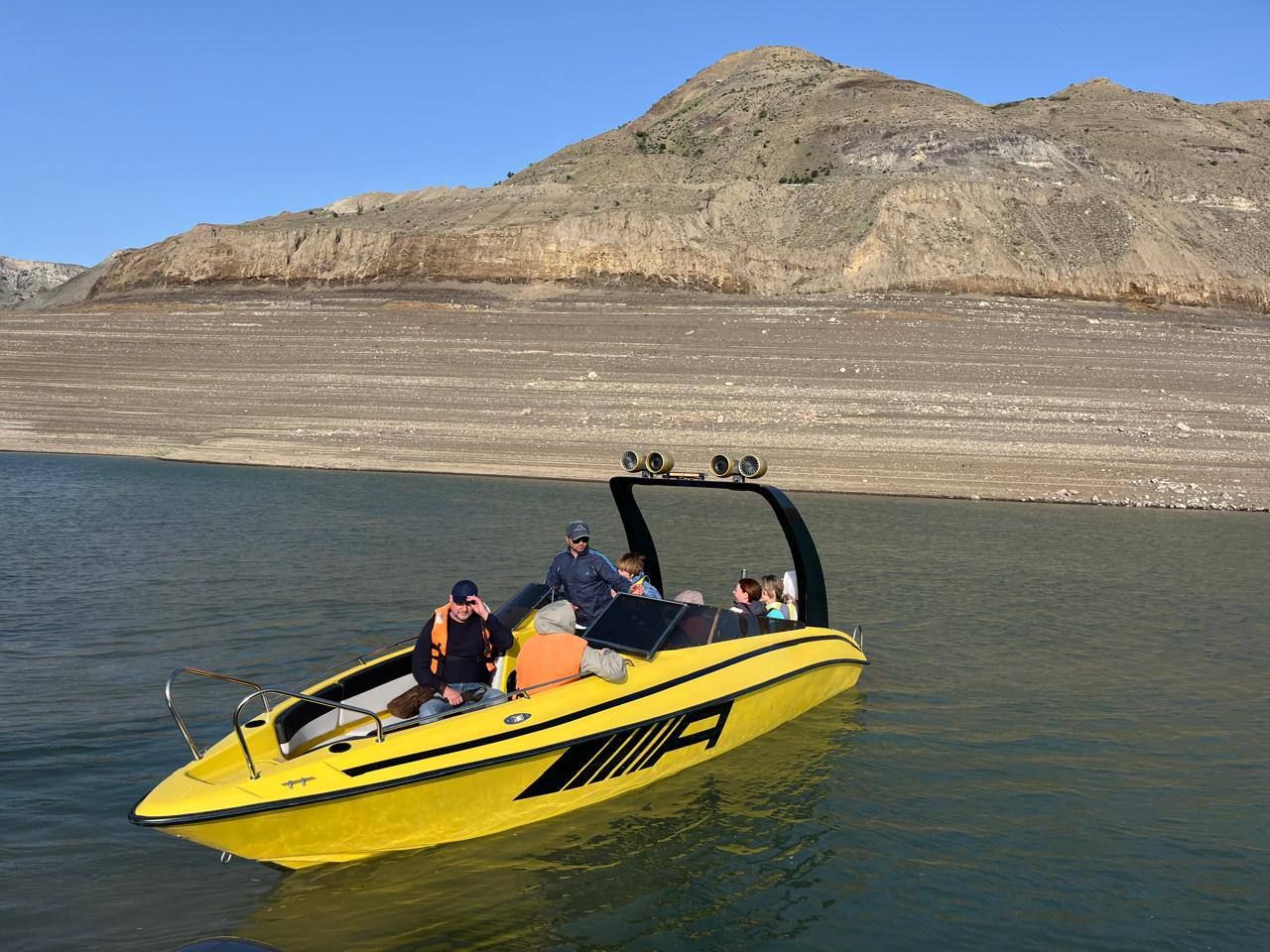 Тур Березка 5 Дней Все Включено (99/172)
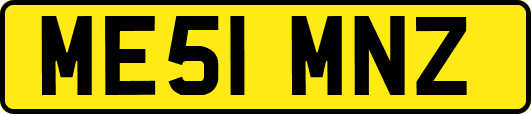 ME51MNZ
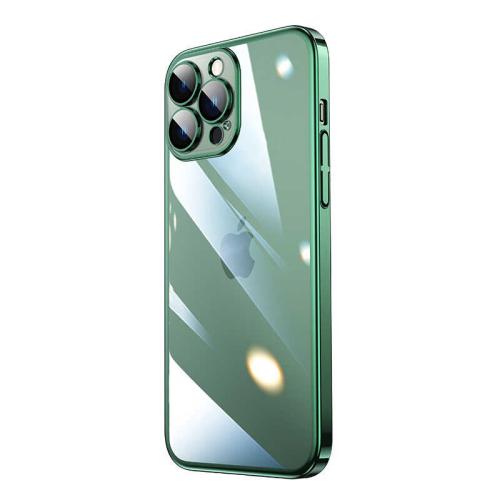 Bright Case Apple iPhone 11 Pro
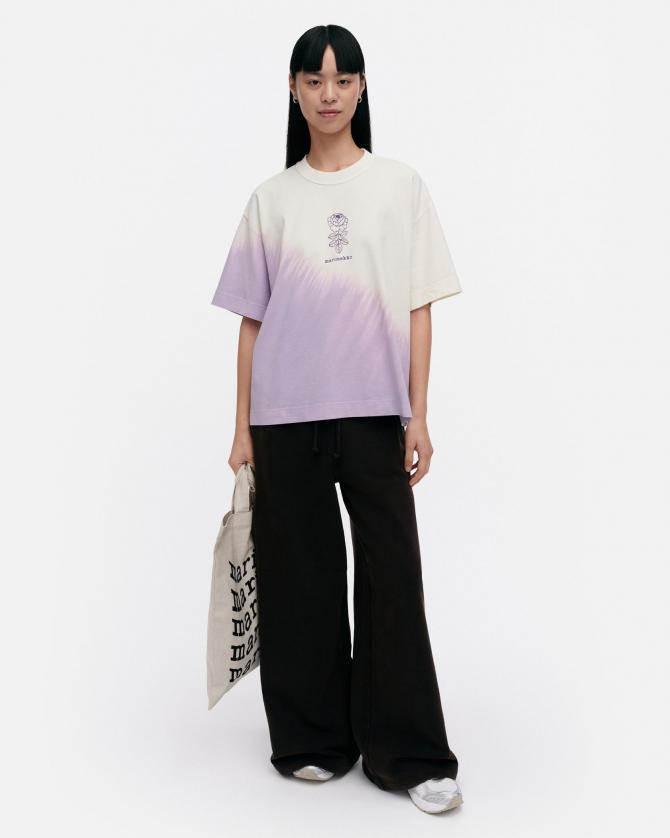 【値下げ】マリメッコ トップス（ひまわり himawari） marimekkoの商品一覧｜Marimekko (マリメッコ) 日本公式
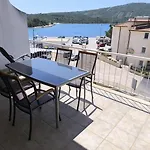 Guest house Hrvoje 3*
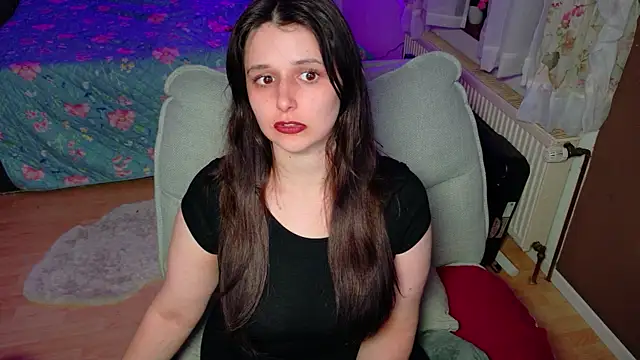 jenna-sxy19 online show from 04/05/26, 07:44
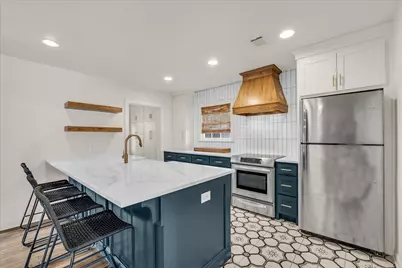2601 Columbus Avenue, Waco, TX 76710 - Photo 2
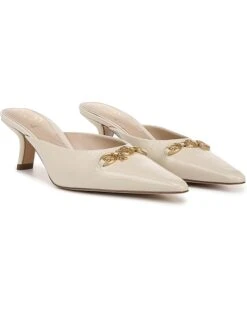 Sam Edelman Brynne | Heels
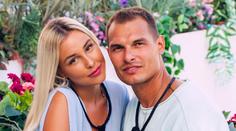 Slzy a zlomené srdce. Rozešel se oblíbený pár z Love Islandu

→ Exercise instructions: Return exactly, and only, the lines that run from the line containing "Guest house Hrvoje 3*" to the last line of the entries above, both ends included, with pictures left out.

→ Output of the task:
 Guest house Hrvoje 3*
 jenna-sxy19 online show from 04/05/26, 07:44
2601 Columbus Avenue, Waco, TX 76710 - Photo 2
 Sam Edelman Brynne | Heels
 Slzy a zlomené srdce. Rozešel se oblíbený pár z Love Islandu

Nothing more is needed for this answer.